= Beginning of Section =

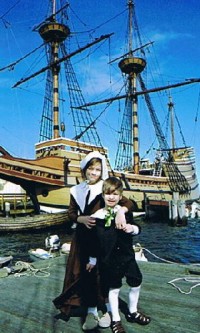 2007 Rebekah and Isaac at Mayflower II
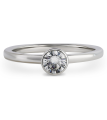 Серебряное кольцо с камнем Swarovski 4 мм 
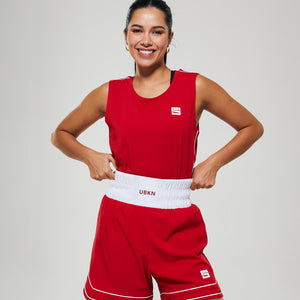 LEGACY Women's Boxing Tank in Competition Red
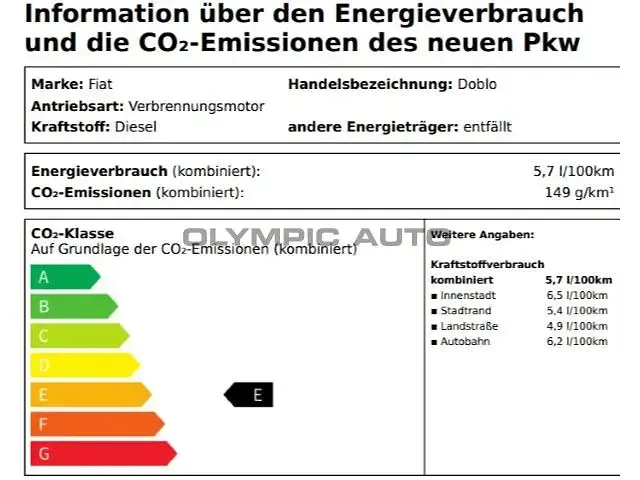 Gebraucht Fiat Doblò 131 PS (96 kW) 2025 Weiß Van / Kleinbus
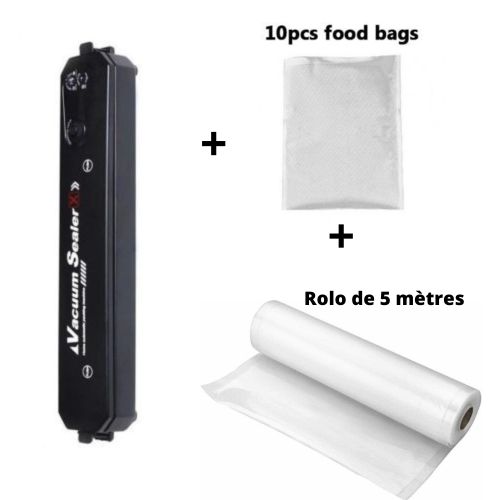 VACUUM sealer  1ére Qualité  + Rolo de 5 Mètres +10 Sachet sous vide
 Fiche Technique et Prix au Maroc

= End of Section =

### Assignment
From the line containing "Gebraucht Fiat Doblò" through the final line of the listing, copy every line exactly and nothing else. Skip the pictures.

### Reply
 Gebraucht Fiat Doblò 131 PS (96 kW) 2025 Weiß Van / Kleinbus
 VACUUM sealer  1ére Qualité  + Rolo de 5 Mètres +10 Sachet sous vide
 Fiche Technique et Prix au Maroc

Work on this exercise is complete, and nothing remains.